-- Task to complete --
No pictures go in the copy. Restate, word for word, each line from the one containing "活水族箱水草的扎根、修剪和繁殖技巧" through the last line below.

Web page caption snippets

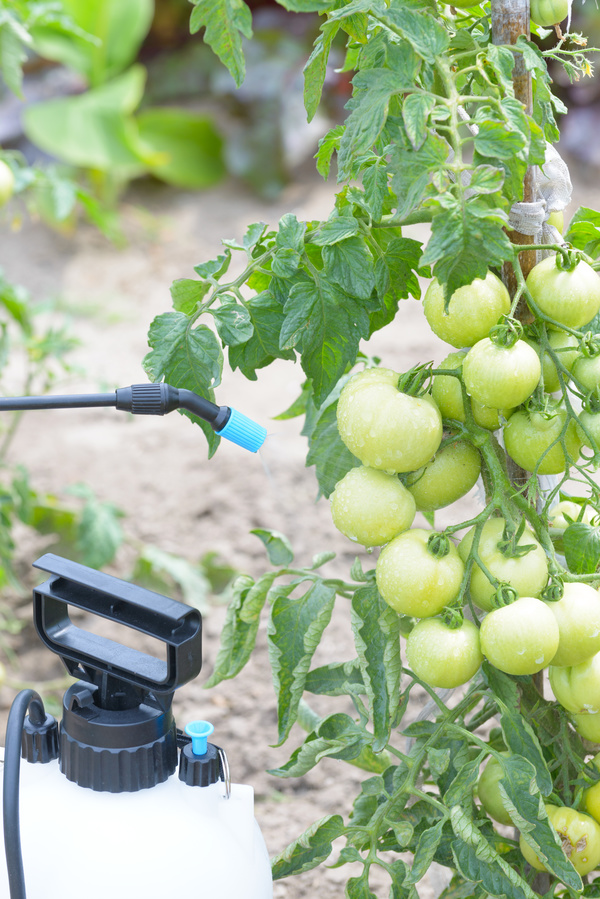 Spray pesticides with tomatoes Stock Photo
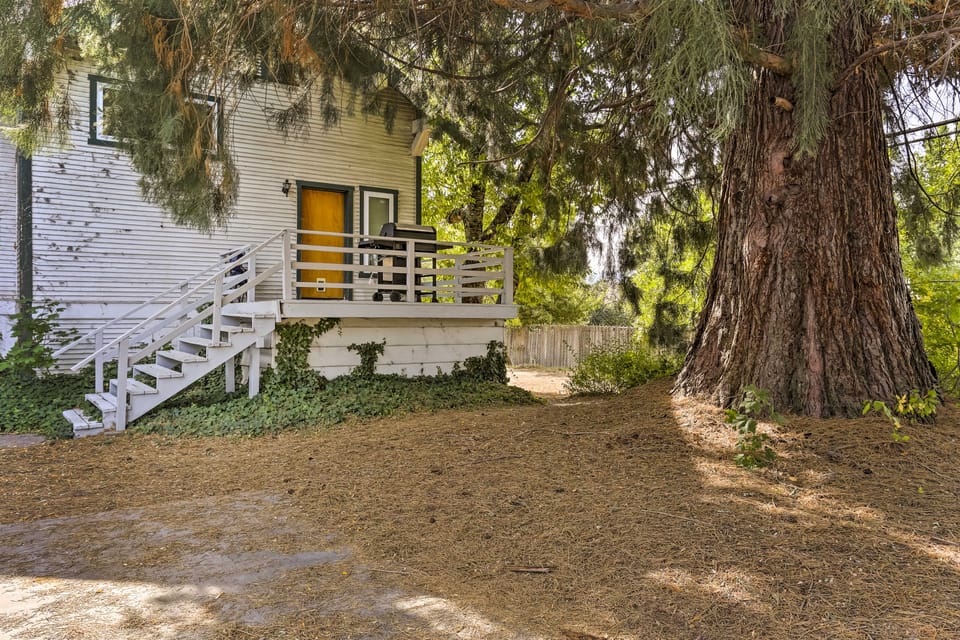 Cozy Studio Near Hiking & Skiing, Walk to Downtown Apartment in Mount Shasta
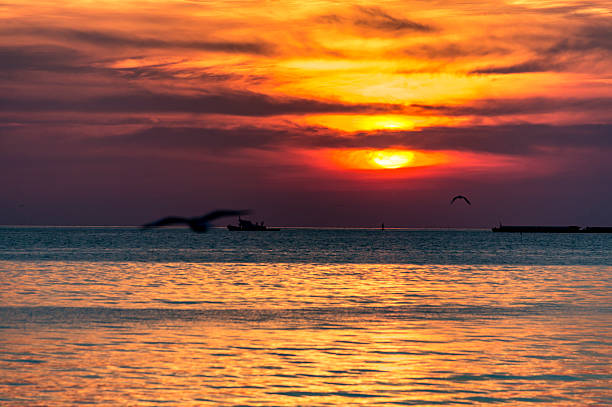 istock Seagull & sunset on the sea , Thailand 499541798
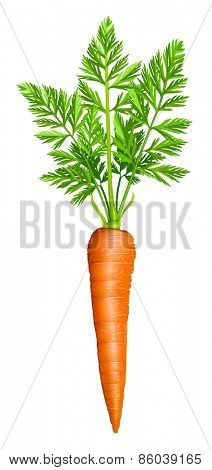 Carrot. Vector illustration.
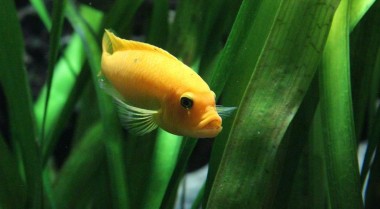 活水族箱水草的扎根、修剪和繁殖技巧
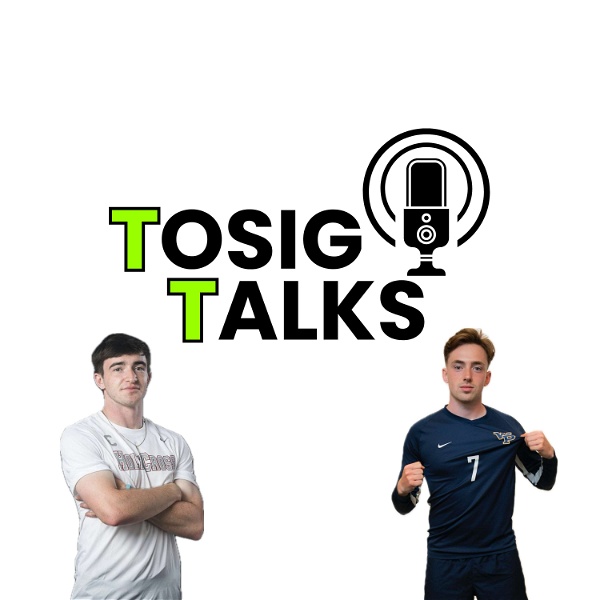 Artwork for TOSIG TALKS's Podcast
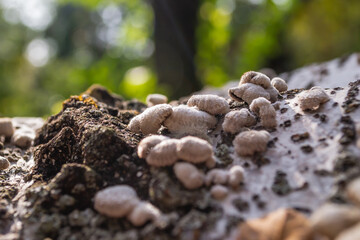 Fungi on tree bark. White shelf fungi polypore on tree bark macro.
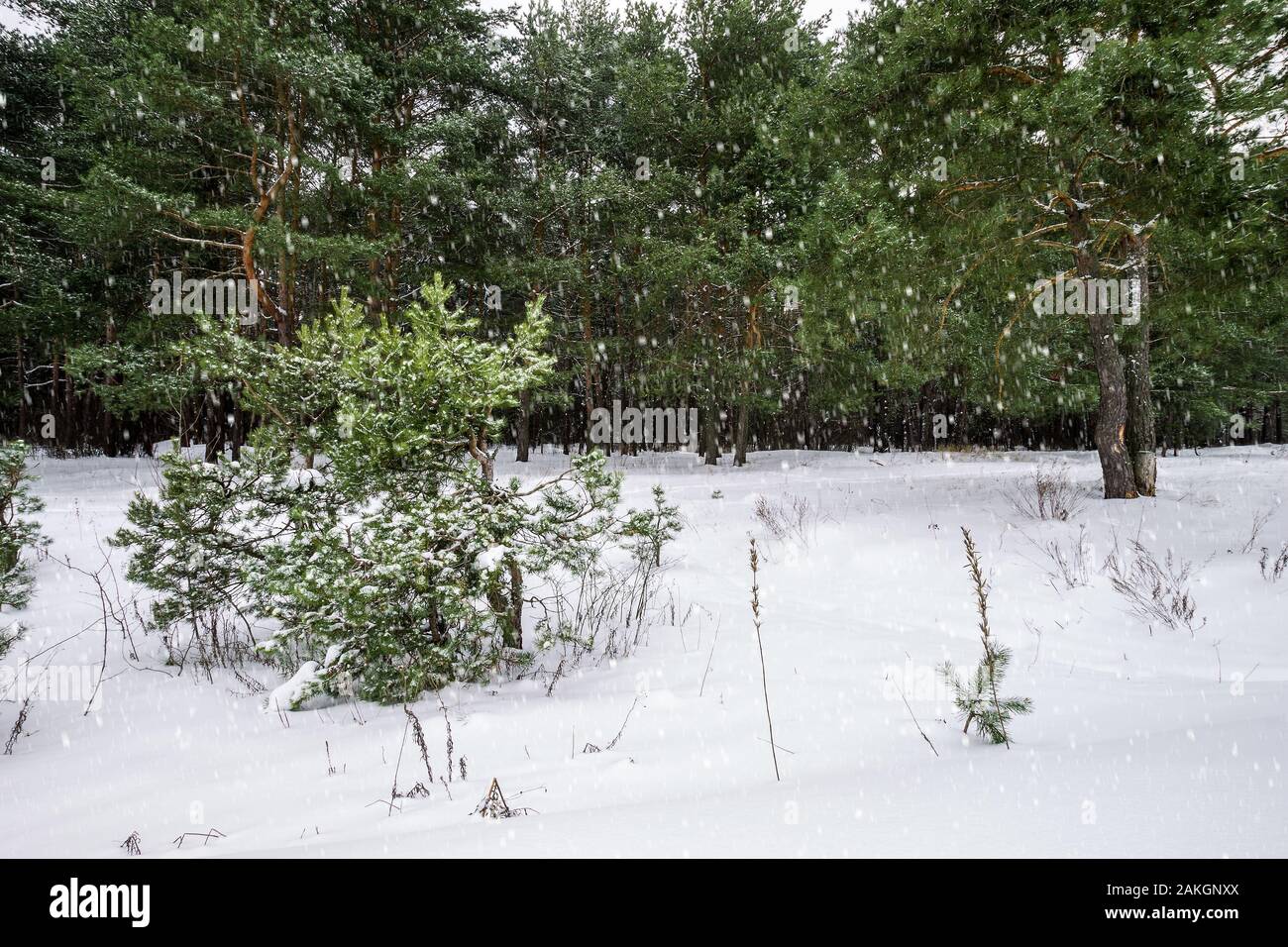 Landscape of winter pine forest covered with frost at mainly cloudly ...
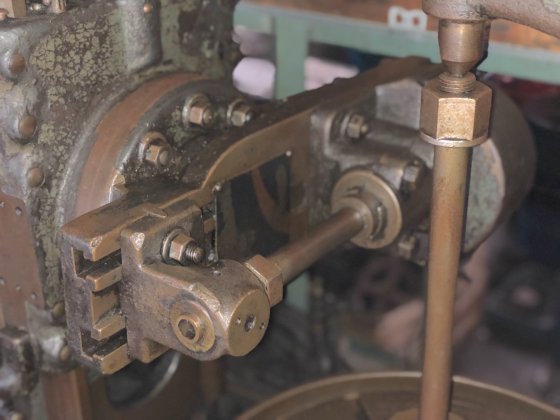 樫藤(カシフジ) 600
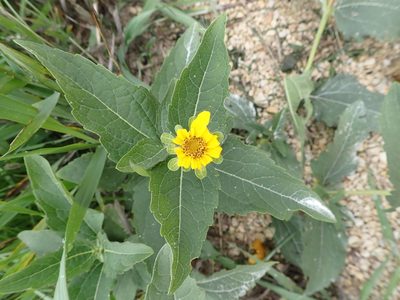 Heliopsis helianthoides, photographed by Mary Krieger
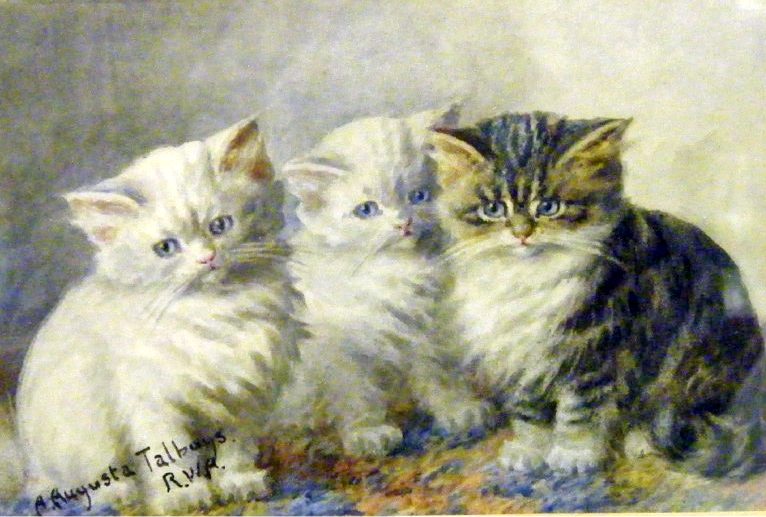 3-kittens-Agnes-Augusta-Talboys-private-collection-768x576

-- Answer box --
 活水族箱水草的扎根、修剪和繁殖技巧
 Artwork for TOSIG TALKS's Podcast
 Fungi on tree bark. White shelf fungi polypore on tree bark macro.
 Landscape of winter pine forest covered with frost at mainly cloudly ...
 樫藤(カシフジ) 600
 Heliopsis helianthoides, photographed by Mary Krieger
 3-kittens-Agnes-Augusta-Talboys-private-collection-768x576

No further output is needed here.